The draining vein often lies within the sylvian fissure on top of the nidus, and care must be taken to preserve this structure until the nidus is ready to be removed. Venous drainage patterns tend to vary with sylvian AVM location. Pure sylvian AVMs typically drain superficially through the middle cerebral veins, whereas medial perisylvian AVMs and lateral perisylvian AVMs tend to drain through the veins of Trolard and Labbé, respectively. Deep sylvian AVMs typically exhibit deep venous drainage into the thalamostriate and internal cerebral veins. As with all AVMs, preservation of the draining vein until all arterial input has been ligated is of utmost importance.

In addition to preserving the native vasculature, minimizing manipulation of adjacent parenchyma is crucial in resection of perisylvian AVMs. Pure sylvian AVMs have no associated eloquent cortex, but medial sylvian AVMs border Broca’s area and the inferior aspect of the motor strip, lateral sylvian AVMs border Wernicke’s area and Heschl’s gyrus, and deep sylvian AVMs border the basal ganglia, internal capsule, and arcuate fasciculus. While perisylvian AVMs in the adjacent parenchyma may receive additional arterial supply from other vascular territories, such as anterior or posterior choroidal and lenticulostriate arteries, the vast majority of the arterial input arises from the MCA. In approaching perisylvian AVMs, it is recommended to prune all MCA arterial supply within the sylvian fissure prior to working around the parenchymal planes of the nidus. This allows resection to be maintained much tighter to the AVM nidus, thus reducing surgical morbidity from manipulation of eloquent cortex.

Numerous studies ( Table 34.2 ) have evaluated outcomes following resection of sylvian AVMs. Lawton et al. evaluated their series of sylvian AVMs, assessing 28 patients who underwent resection, 54% of whom presented with hemorrhage. Among this population, they observed transient neurologic deficits in 14% of the patients, but the rate of permanent neurologic morbidity was only 3.6%. No surgical mortality was observed, and 89% of the patients achieved good functional outcomes at a mean follow-up of 20 months. Similarly, Zimmerman et al. reported transient neurologic deficits in 50% of their patients, with all recovering within 3 months of surgery and no surgical mortality.

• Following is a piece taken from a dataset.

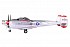 FMS&nbsp;1400 Series P38 Lockheed Lightning ARTF w/o Tx/Rx/Battery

While resection of sylvian AVMs can at times be a safe and feasible option, it should be approached cautiously, appropriately weighing the risks and benefits of treatment. Factors such as age, history of rupture, eloquent cortex, insular locations, and involvement of lenticulostriate or anterior choroidal arteries need to be carefully considered prior to surgical intervention. Given these factors, a less aggressive approach with stereotactic radiosurgery (SRS) or even conservative observation may be in the patient’s best interest.